We hear so much about presidential candidates–and so little about life in the states that elect them. In “Beyond the Circus,” writers take us off the trail and give us glimpses of politically important places. Today, Iowa.
Hello. My name is Jennifer Wilson. If we were doing this in person, I’d give you a firm handshake and make eye contact. I was brought up in Colfax, Iowa, and my father taught me that this is the proper way to greet people. I have found that he was correct.
I’ve tried living in different places: New York City, Minneapolis, a little village in England while I studied literature in college. I once drove around the U.S. and some of Canada for a year, just to see. Most recently, I lived with my family in a teeny mountain village in Croatia where my great-grandparents came from–the setting for my new book, Running Away to Home, in which my husband Jim and I sold all our stuff and returned to the Old Country with our two little kids to find out what the ancestors could teach us about family and survival in tough times.
But I’ve always returned to Iowa. I am a full-time writer, a family woman, a decent neighbor, a city dweller, and the owner of urban chickens. I come from farmers and coal miners, but it’s tough to live rural in Iowa. The cities are where the jobs are.

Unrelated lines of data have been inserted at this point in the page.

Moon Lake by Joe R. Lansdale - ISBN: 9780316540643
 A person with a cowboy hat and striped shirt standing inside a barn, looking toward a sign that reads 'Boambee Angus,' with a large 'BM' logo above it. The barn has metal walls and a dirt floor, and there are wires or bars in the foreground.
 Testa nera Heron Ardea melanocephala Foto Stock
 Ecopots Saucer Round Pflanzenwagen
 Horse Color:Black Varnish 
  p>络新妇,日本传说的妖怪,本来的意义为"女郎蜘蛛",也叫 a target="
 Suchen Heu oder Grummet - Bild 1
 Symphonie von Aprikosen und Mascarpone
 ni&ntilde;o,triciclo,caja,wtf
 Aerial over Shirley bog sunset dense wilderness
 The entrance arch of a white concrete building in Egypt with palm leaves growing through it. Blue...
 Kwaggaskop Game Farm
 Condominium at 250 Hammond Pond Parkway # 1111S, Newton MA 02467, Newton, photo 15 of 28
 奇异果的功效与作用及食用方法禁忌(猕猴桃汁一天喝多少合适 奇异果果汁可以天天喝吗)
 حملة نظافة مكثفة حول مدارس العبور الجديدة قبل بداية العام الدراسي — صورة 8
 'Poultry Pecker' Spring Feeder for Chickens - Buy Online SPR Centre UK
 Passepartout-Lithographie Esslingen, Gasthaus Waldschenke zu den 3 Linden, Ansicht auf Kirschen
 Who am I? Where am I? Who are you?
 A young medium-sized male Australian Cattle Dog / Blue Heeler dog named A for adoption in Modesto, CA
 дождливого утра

I occasionally fish, but the lakes here are often dirty–mostly from farming runoff. Farming is the industry that put Iowa on the map, but few of us do it anymore. It’s a corporate thing now, and most of the operations are huge. Their water-polluting runoff could be remedied if there were more funding for cleanup through the state Department of Natural Resources, but that money has dwindled by more than 25 percent in the past few years, and it wasn’t much to start with. Like most Iowans, I believe this is unwise. We voted last year that any increase in sales tax should be used in part to nurture the land. More Iowans voted for that than for the governor, Terry Branstad, a Republican. He was voted into office largely because people didn’t believe the previous governor, Chet Culver, a Democrat, was doing much of anything. Iowans like action and hard work.
I do not hunt, but I am happy to eat pheasant or deer that family or friends have shot. Not that they’re necessarily shooting anything: a hunter told me recently that if he saw a pheasant now, he’d feel bad shooting it, as it would reduce his county’s pheasant population by 10 percent. He was exaggerating, but you get the idea. Our development is sprawling across the countryside, leaving less and less habitat. That means fewer pheasants.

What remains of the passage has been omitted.